Classes: Serialization

In Hack, variables can be converted into some external form suitable for use in file storage or inter-program communication. The process of converting to this form is known as serialization while that of converting back again is known as unserialization. These facilities are provided by the library functions serialize and unserialize, respectively. (Library function serialize_memoize_param helps when serializing parameters to async functions.)

In the case of variables that are objects, on their own, these two functions serialize and unserialize all the instance properties, which may be sufficient for some applications. However, if the programmer wants to customize these processes, they can do so by implementing the interface Serializable, which requires defining two methods, serialize and unserialize.

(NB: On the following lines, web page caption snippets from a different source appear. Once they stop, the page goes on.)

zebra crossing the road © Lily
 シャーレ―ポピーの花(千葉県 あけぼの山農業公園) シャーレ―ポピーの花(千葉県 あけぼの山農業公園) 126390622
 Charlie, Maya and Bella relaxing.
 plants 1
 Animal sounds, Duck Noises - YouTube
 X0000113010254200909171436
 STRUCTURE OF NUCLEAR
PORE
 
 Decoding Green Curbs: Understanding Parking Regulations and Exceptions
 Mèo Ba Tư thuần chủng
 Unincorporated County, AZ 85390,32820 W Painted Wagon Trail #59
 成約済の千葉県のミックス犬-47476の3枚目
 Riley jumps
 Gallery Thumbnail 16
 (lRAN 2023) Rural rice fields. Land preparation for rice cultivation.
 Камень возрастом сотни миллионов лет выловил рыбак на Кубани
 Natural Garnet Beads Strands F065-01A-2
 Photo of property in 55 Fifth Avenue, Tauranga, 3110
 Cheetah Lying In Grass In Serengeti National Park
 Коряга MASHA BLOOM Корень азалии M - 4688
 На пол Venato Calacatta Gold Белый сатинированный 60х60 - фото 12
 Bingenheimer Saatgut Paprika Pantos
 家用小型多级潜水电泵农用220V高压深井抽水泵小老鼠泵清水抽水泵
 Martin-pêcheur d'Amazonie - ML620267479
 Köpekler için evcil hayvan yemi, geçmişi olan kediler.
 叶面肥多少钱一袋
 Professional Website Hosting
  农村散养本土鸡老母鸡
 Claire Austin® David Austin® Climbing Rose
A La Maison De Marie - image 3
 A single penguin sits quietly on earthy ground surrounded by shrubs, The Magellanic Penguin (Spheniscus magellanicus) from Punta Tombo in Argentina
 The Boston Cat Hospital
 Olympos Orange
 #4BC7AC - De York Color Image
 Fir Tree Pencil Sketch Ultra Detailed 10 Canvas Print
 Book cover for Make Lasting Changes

Consider a Point class that not only contains x- and y-coordinates, it also has an id property; that is, each distinct Point created during a program's execution has a unique numerical id. However, there is no need to include this when a Point is serialized. It can simply be recreated when that Point is unserialized. This information is transient and need not be preserved across program executions. (The same can be true for other transient properties, such as those that contain temporary results or run-time caches.) Furthermore, consider a class ColoredPoint that extends Point by adding a color property. The following code shows how these classes need be defined in order for both Points and ColoredPoints to be serialized and unserialized:

<?hh /*// strict */

namespace Hack\UserDocumentation\Classes\Serialization\Examples\Point;

class Point implements \Serializable { // note the interface
  private static int $nextId = 1;
  private int $id; // transient property; not serialized
  private float $x;
  private float $y;

  public function __construct(num $x = 0, num $y = 0) {
    $this->x = (float)$x;
    $this->y = (float)$y;
    $this->id = self::$nextId++;
  }

  public function __toString(): string {
    return 'ID:'.$this->id.'('.$this->x.','.$this->y.')';
  }

  public function serialize(): string {
    return \serialize(array('y' => $this->y, 'x' => $this->x));
  }

  public function unserialize(/*string*/ $sdata): void {

    $data = \unserialize($sdata);
    $this->x = $data['x'];
    $this->y = $data['y'];
    $this->id = self::$nextId++;
  }
}

The custom method serialize calls the library function serialize to create a string version of the array, whose keys are the names of the instance properties to be serialized. The insertion order of the array is the order in which the properties are serialized in the resulting string. The array is returned.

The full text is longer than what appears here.